» GIVEN INFORMATION
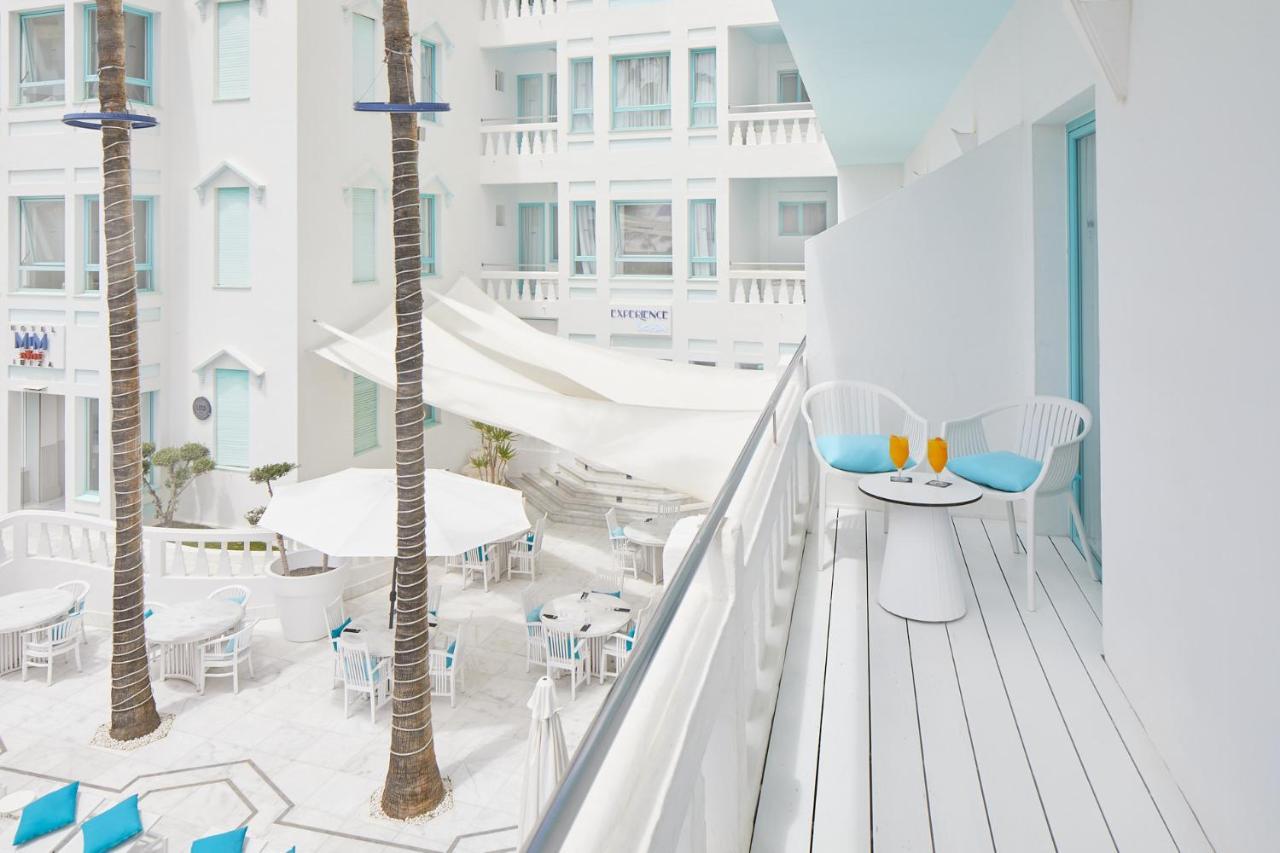 Hotel Mim Ibiza & Spa - Adults Only Екстериор снимка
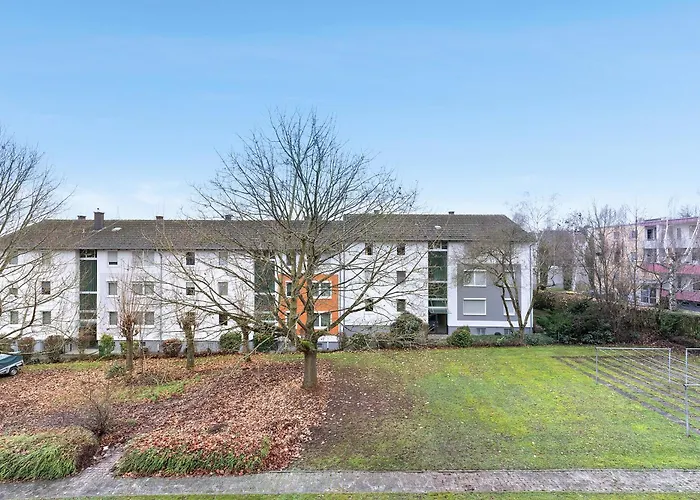 Exklusive Winzenheim * Bad Kreuznach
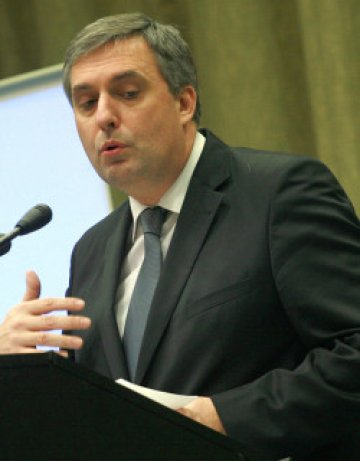 Калфин: Коалиция с "Атака"? Никога.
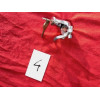 Accessoire antivol neuf d'époque Citroën ID DS 19 ou 21 Pallas 1956 à 1969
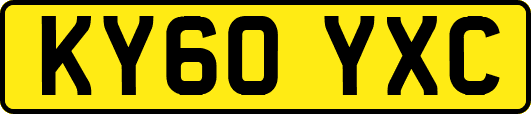 KY60YXC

» EXERCISE DETAILS
Here the lines from the one containing "Accessoire antivol neuf" through the end of the material are to be copied exactly, with the pictures omitted.

» ANSWER SECTION
 Accessoire antivol neuf d'époque Citroën ID DS 19 ou 21 Pallas 1956 à 1969
 KY60YXC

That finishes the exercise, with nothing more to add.